**Extracted material**
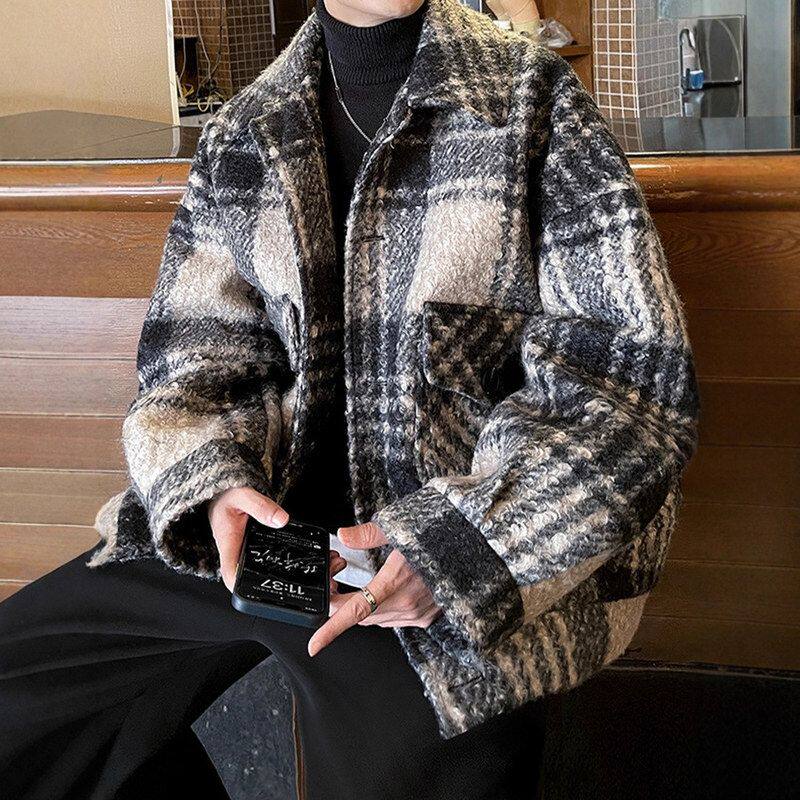 休闲保暖子秋冬季夹克风格男加厚小香毛呢外套复古潮牌痞帅高级感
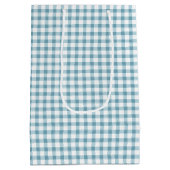 Schattig Stof Blauw Gingham Patroon Medium Cadeauzakje (Achterkant)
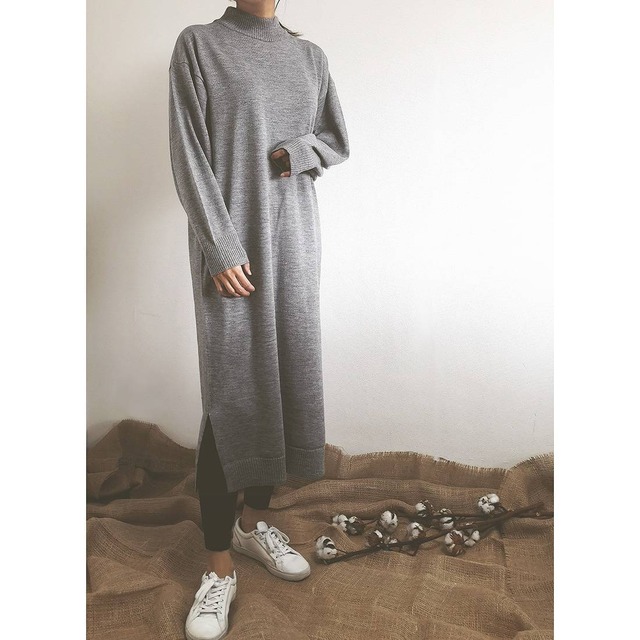 SALE!! ハイネック ニットワンピース オーバーシルエット★2色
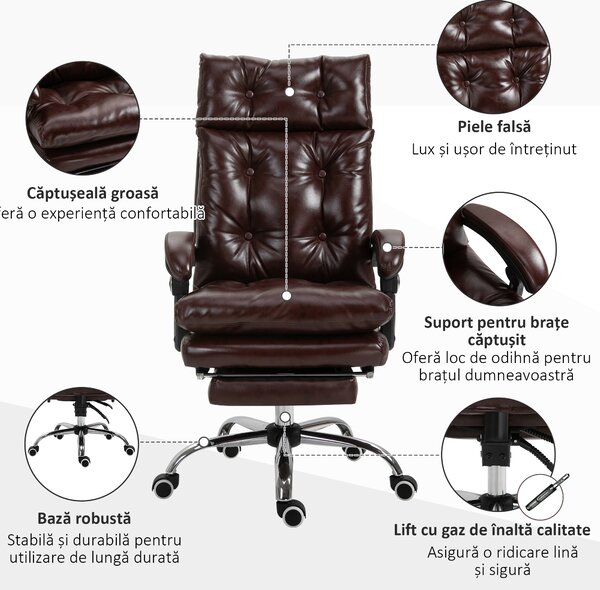 Scaun de Birou Ergonomic Vinsetto, Suport picioare, Inaltime Reglabila Maro | Aosom Romania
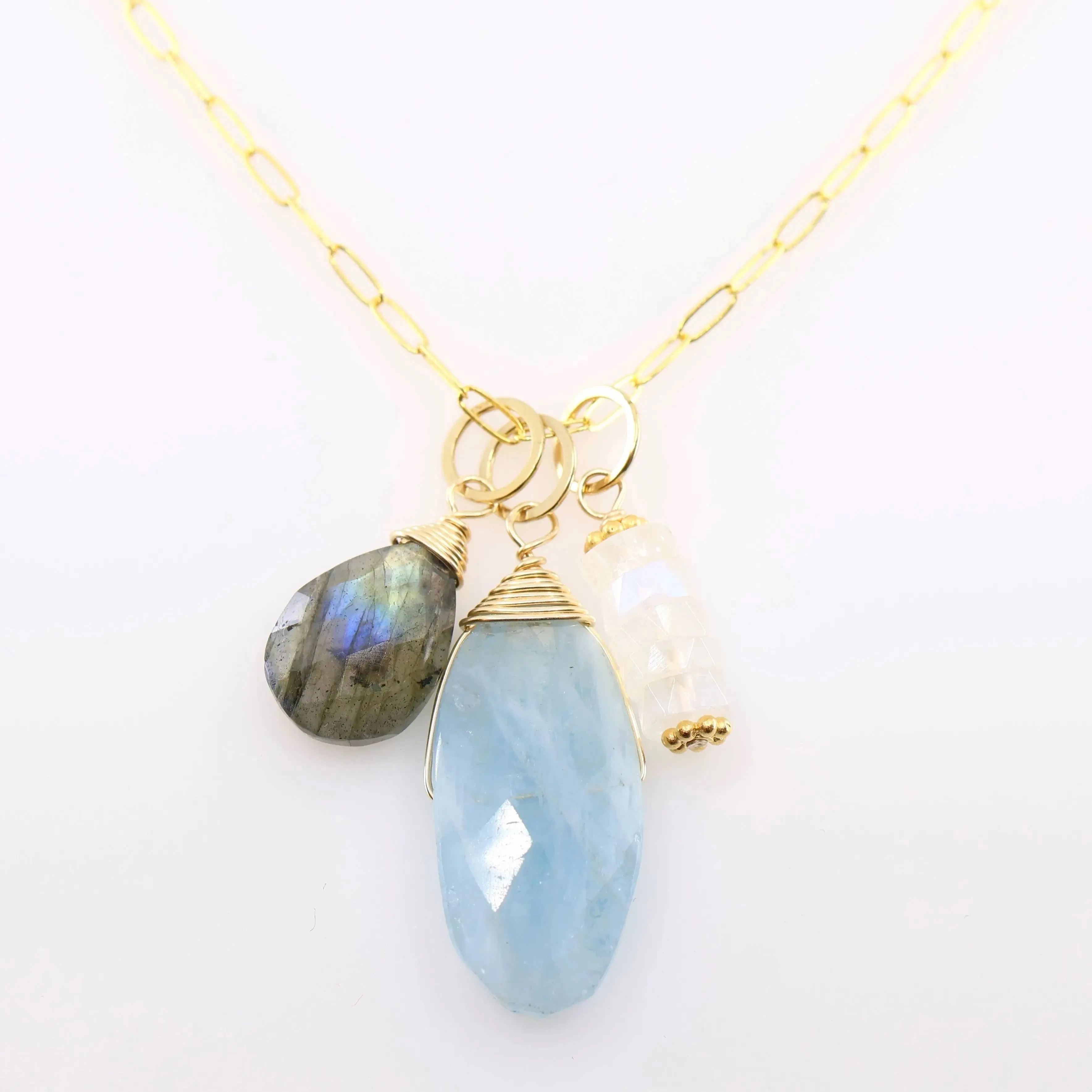 New Milky Aquamarine, Rainbow Moonstone & Labradorite Gemstone Charm Necklace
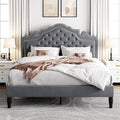 Allewie Full Size Bed Frame with Adjustable Velvet Tiara Headboard, Upholstered Diamond Button Tufted Platform Bed, Wood Slats Support, No Box Spring Needed, Light Grey-Ruum Studio Home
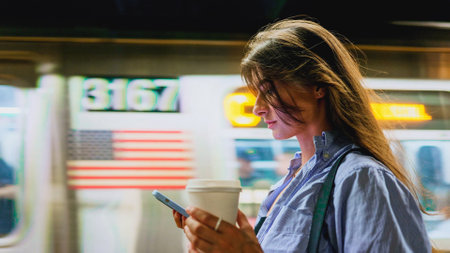 Tourist in new modern big city. Close-up of young pretty woman holding smartphone, chilling, drinking hot tea or coffee from paper cap. Reading social media, mobile smartphone or person texting.の写真素材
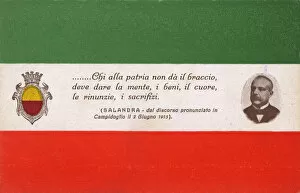 Images Dated 15th March 2017: Italian Prime Minister Salandra - Quote on entry into WW1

**How to complete this task**
Give back the full listing above word for word, and let no picture through.

**Response**
 休闲保暖子秋冬季夹克风格男加厚小香毛呢外套复古潮牌痞帅高级感
 Schattig Stof Blauw Gingham Patroon Medium Cadeauzakje (Achterkant)
 SALE!! ハイネック ニットワンピース オーバーシルエット★2色
 Scaun de Birou Ergonomic Vinsetto, Suport picioare, Inaltime Reglabila Maro | Aosom Romania
 New Milky Aquamarine, Rainbow Moonstone & Labradorite Gemstone Charm Necklace
 Allewie Full Size Bed Frame with Adjustable Velvet Tiara Headboard, Upholstered Diamond Button Tufted Platform Bed, Wood Slats Support, No Box Spring Needed, Light Grey-Ruum Studio Home
 Tourist in new modern big city. Close-up of young pretty woman holding smartphone, chilling, drinking hot tea or coffee from paper cap. Reading social media, mobile smartphone or person texting.の写真素材
 Images Dated 15th March 2017: Italian Prime Minister Salandra - Quote on entry into WW1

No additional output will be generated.